» DATA FOR PROCESSING
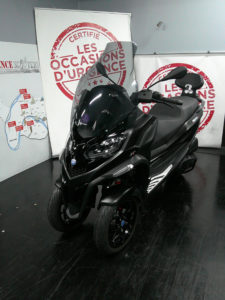 PIAGGIO MP3 400 HPE MY22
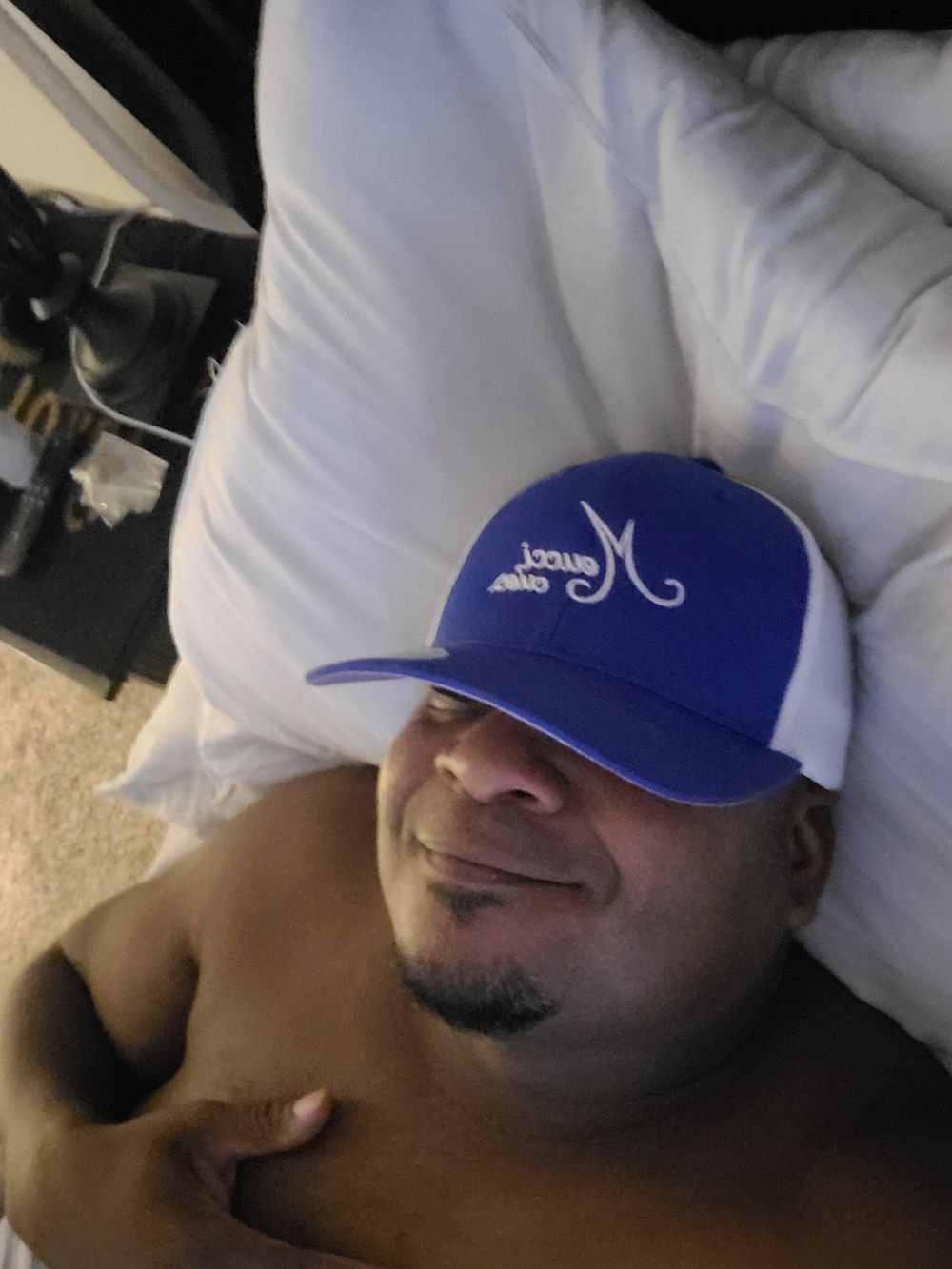 blacksnakemakeumoan OnlyFans profile picture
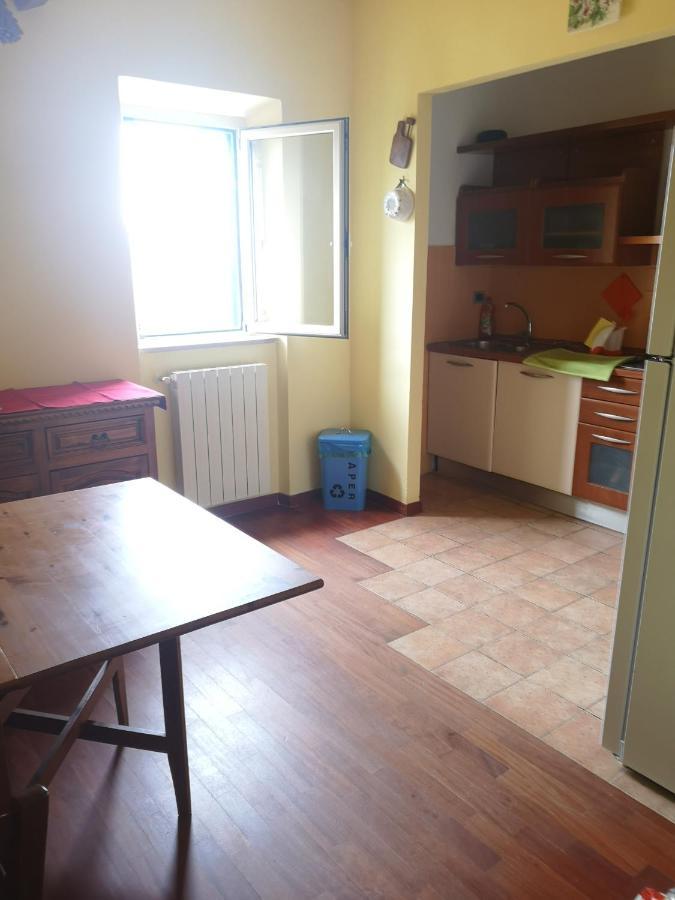 Porta A Mare, Free Parking Apartment Livorno Bagian luar foto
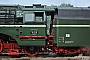 Henschel 23515 - Dampf-Plus "18 201"
18.08.2017 - Chemnitz-Hilbersdorf, Sächsisches Eisenbahnmuseum
Klaus Hentschel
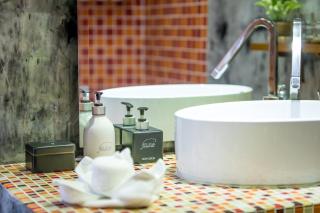 Beluga Boutique Hotel - 9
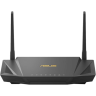 Wi-Fi Mesh роутер ASUS RT-AX56U Black (Черный) EAC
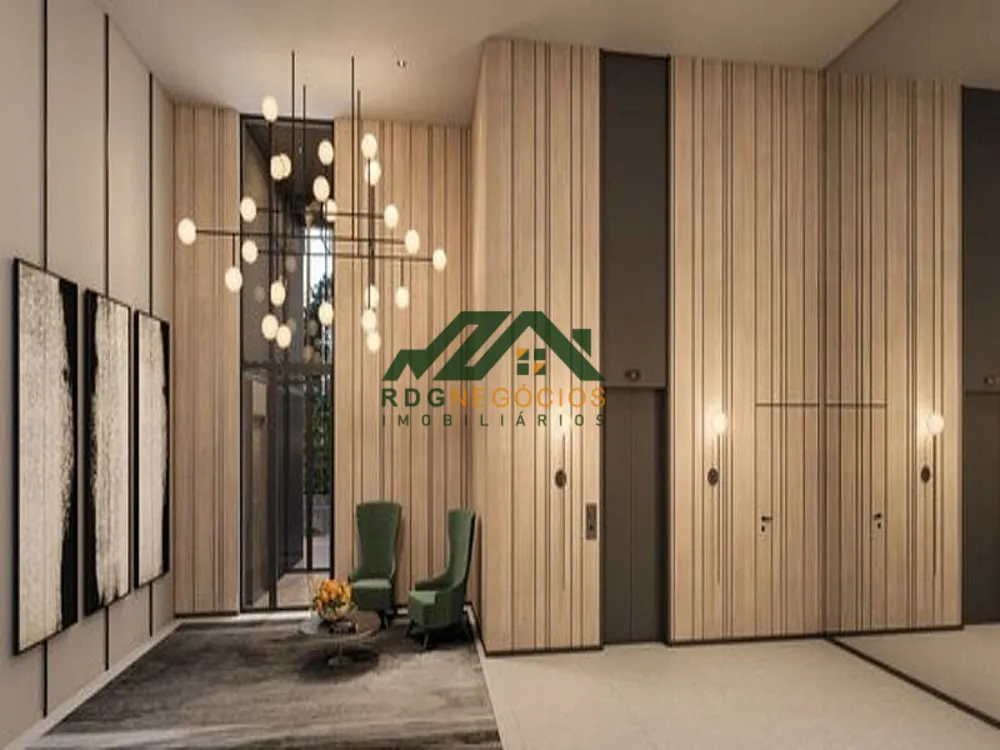 Apartamento, 2 quartos, 125 m² - Foto 7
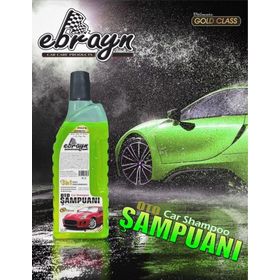 Ebrayn 1000 ml Oto Şampuanı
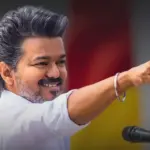 കല്യാൺ നവരാത്രി ആഘോഷത്തിൽ പങ്കെടുക്കാൻ തമിഴ്നാട് മുഖ്യമന്ത്രി വിജയ് വെള്ളിയാഴ്ച തൃശൂരിലെത്തും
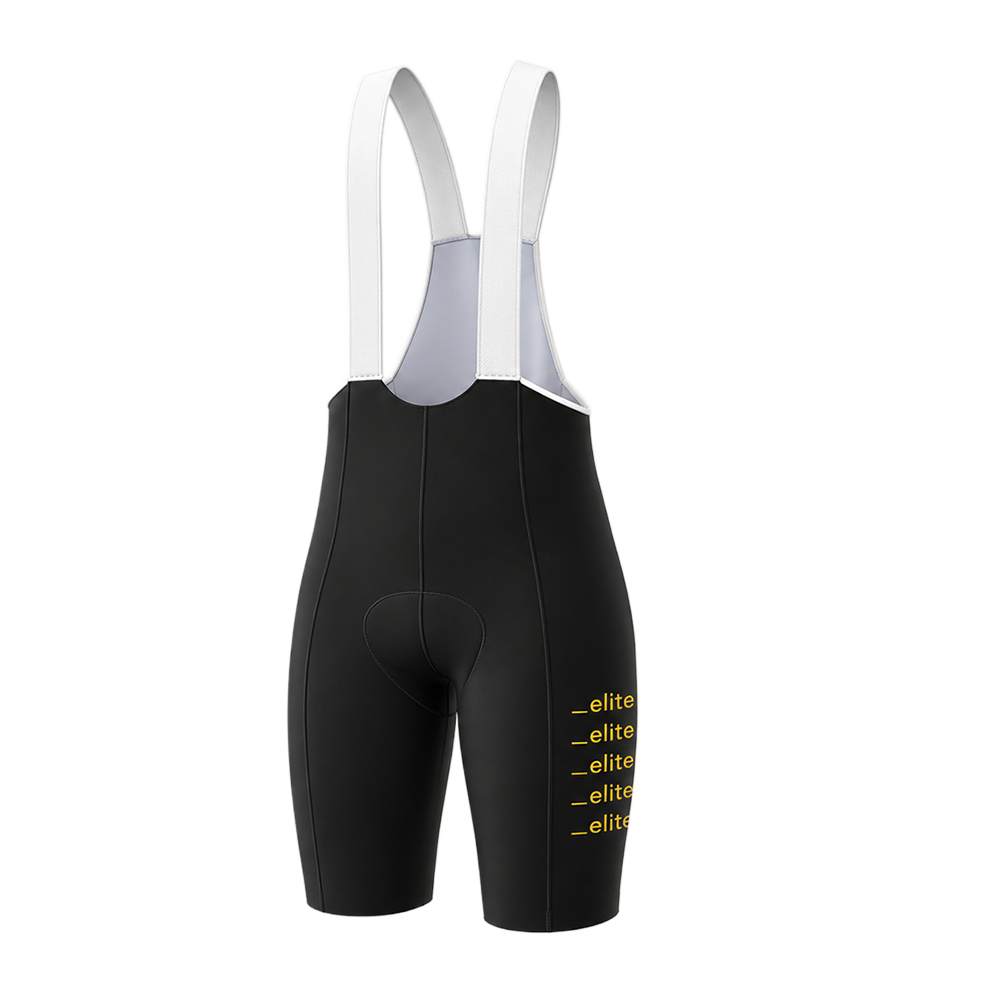 Bibshort - Uni - Bibshort elite voor 3 - AGEBSM011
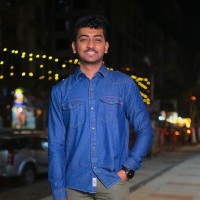 Nilkant Chavan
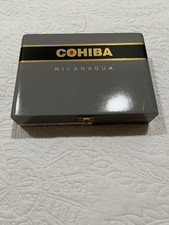 Cohiba nicaragua robusto for sale  Fort Myers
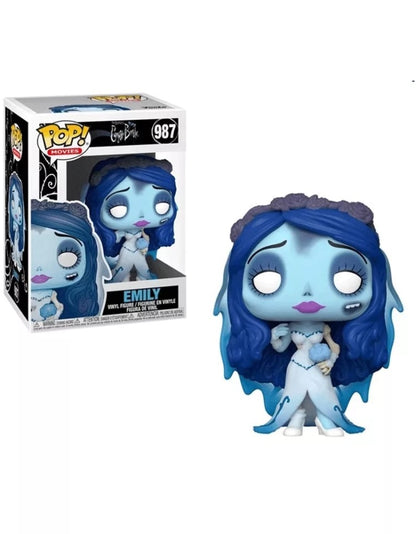 Funko Pop!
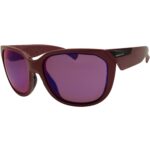 Oakley OO 9432-0359 Rev Up Vampirella Frame Prizm Road Lens Womens Sunglasses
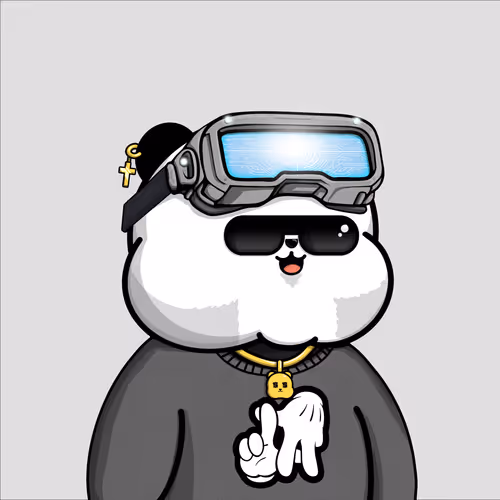 Kanpai Pandas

» TASK INSTRUCTIONS
Each line from the one containing "Porta A Mare, Free" through the last line of the listing is to be given again exactly, with no pictures and no other lines.

» TASK SOLUTION
 Porta A Mare, Free Parking Apartment Livorno Bagian luar foto
 Henschel 23515 - Dampf-Plus "18 201"
18.08.2017 - Chemnitz-Hilbersdorf, Sächsisches Eisenbahnmuseum
Klaus Hentschel
 Beluga Boutique Hotel - 9
 Wi-Fi Mesh роутер ASUS RT-AX56U Black (Черный) EAC
 Apartamento, 2 quartos, 125 m² - Foto 7
 Ebrayn 1000 ml Oto Şampuanı
 കല്യാൺ നവരാത്രി ആഘോഷത്തിൽ പങ്കെടുക്കാൻ തമിഴ്നാട് മുഖ്യമന്ത്രി വിജയ് വെള്ളിയാഴ്ച തൃശൂരിലെത്തും
 Bibshort - Uni - Bibshort elite voor 3 - AGEBSM011
 Nilkant Chavan
 Cohiba nicaragua robusto for sale  Fort Myers
 Funko Pop!
 Oakley OO 9432-0359 Rev Up Vampirella Frame Prizm Road Lens Womens Sunglasses
 Kanpai Pandas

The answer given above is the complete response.